(WHAT NEEDS TO BE DONE): Please repeat exactly the lines below from the one containing "Lees meer... : Dimavery" down to the one containing "Dora saves mermaid", both included, and nothing else.

(GIVEN DATA):

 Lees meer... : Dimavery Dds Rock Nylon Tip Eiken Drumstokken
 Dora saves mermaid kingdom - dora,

--

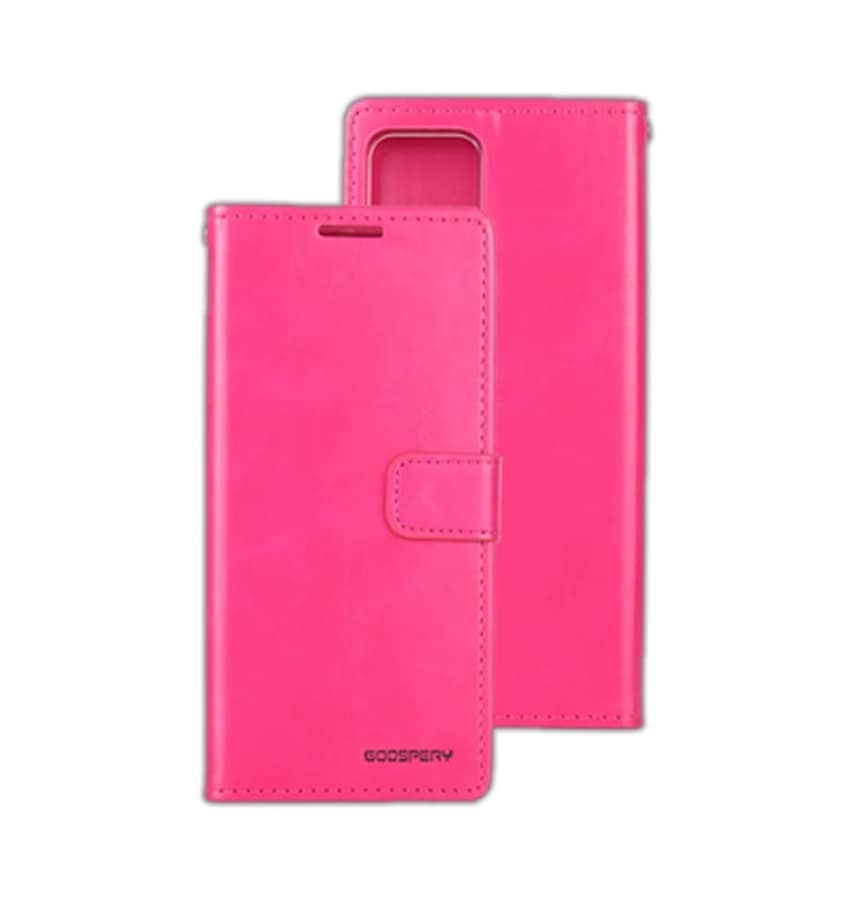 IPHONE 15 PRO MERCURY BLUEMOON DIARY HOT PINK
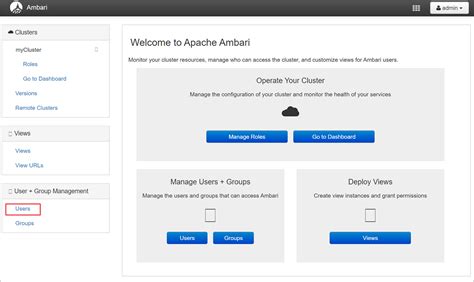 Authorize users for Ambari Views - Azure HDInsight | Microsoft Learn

(ANSWER BOX):
 Lees meer... : Dimavery Dds Rock Nylon Tip Eiken Drumstokken
 Dora saves mermaid kingdom - dora,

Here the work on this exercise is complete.